Atuária e resseguros – “Sem o resseguro, a seguradora não permanece no mercado”, sintetizou a Presidente do IBA, Raquel Marimon, ao detalhar a importância das companhias de resseguro no setor rural. Ela explicou que o aumento do número de sinistros, em função dos eventos climáticos, combinado com o efeito de decisões judiciais que divergem da cobertura contratada, faz com que as seguradoras gastem mais e elevem o prêmio dos seguros. Sem repassar custos aos contratantes, aumentando seu próprio risco, as seguradoras podem acabar até mesmo perdendo acesso às garantias oferecidas pelas resseguradoras internacionais.

Segundo ela, em 2022 a maior parte das seguradoras corrigiu os prêmios e passou a vender mais caro seus seguros agrícolas, diante dos efeitos da intensa seca registrada em 2021 – e por isso fecharam apenas metade dos negócios que tinham conseguido no ano anterior. “Aquelas seguradoras que não ajustaram o preço são aquelas que perderam o acesso ao resseguro e hoje não estão mais operando. É uma matemática que se concretiza e que em alguns anos acaba se evidenciando. Em essência, temos como desfecho menos contratantes de seguro e menos pessoas cobertas”, comentou Raquel Marimon.

Quanto à questão das perícias prévias discutida no painel anterior, a presidente do IBA calculou que se fossem feitas perícias para todos os pedidos de cotação, o seguro agrícola seria 31% mais caro. “É muita coisa. Se com o aumento que tivemos de um ano para o outro só metade das pessoas puderam bancar o seguro, o que aconteceria se passássemos a exigir perícia prévia em todos os seguros? Não seria viável”, afirmou.

Bons frutos – Nilson Leitão, consultor da CNA, contextualizou a importância do seguro agrícola por meio de dados sobre a população rural no país. “O Brasil tem 5,5 milhões de propriedades rurais, mas 4,5 milhões vivem na linha da pobreza, entre o auxílio do governo e uma renda máxima de R$ 2 mil. (…) O debate sobre evoluir essa classe média, tirar essa população da pobreza na área rural, conflita justamente com a falta de ousadia e de políticas de governo para dizer quem vai bancar caso dê errado”.

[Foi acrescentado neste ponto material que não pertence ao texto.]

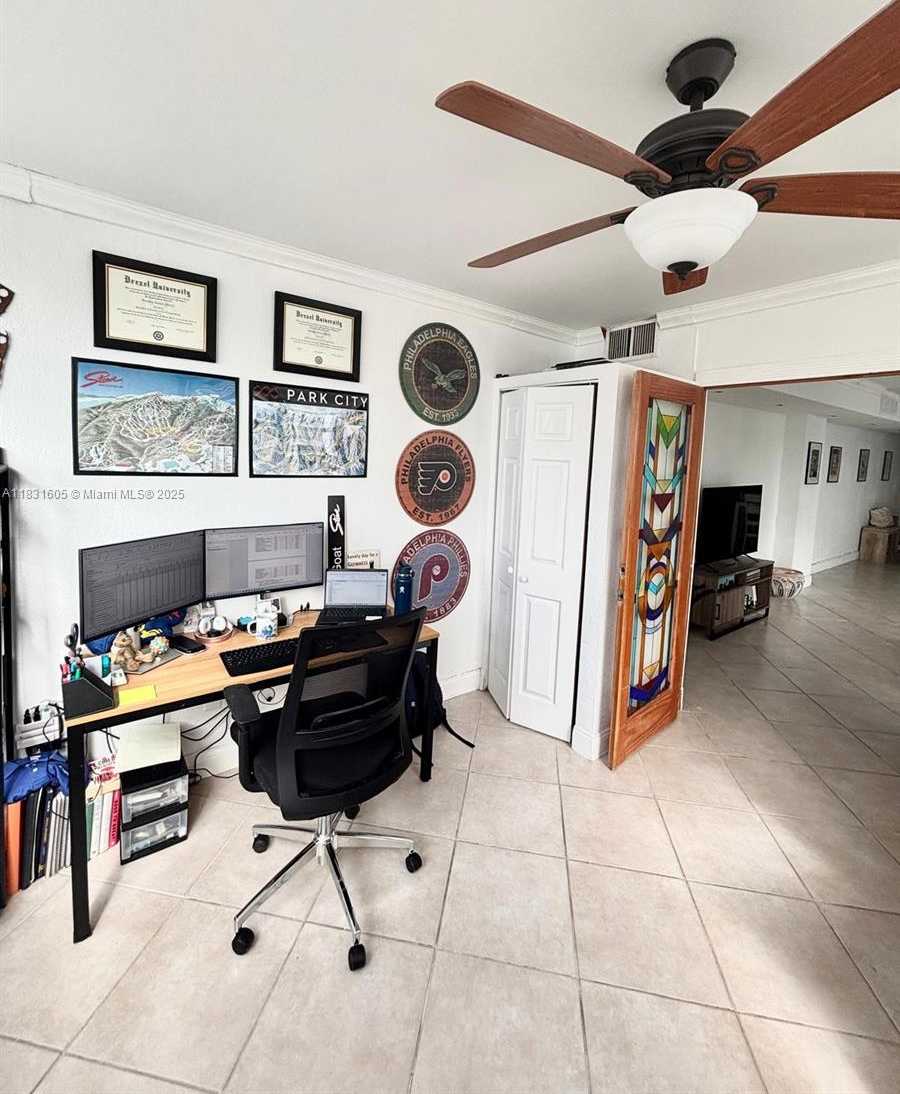 Small Image of 999 BRICKELL BAY DR #1002, Miami Number 5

Para ele, os pequenos e médios produtores rurais só poderão sobreviver “sem depender de auxílios”, quando conseguirem produzir com a garantia de crédito e de seguros suficientes para “poder enfiar a cara sem medo de errar”.

No encerramento, comentou o Ministro Antonio Carlos Ferreira: “Eventos como esse proporcionam um debate franco e leal entre os diversos agentes do mercado e da magistratura, visando o alinhamento de ideias, um diálogo com diversas visões sobre o tema, que contribui para o aprimoramento da qualidade da regulação, dos contratos e da jurisprudência, porque são as decisões judiciais, principalmente dos tribunais superiores, que indicam para a sociedade e o mercado o modelo seguro de comportamento, conferindo segurança jurídica. São sementes que vão resultar em bons frutos”.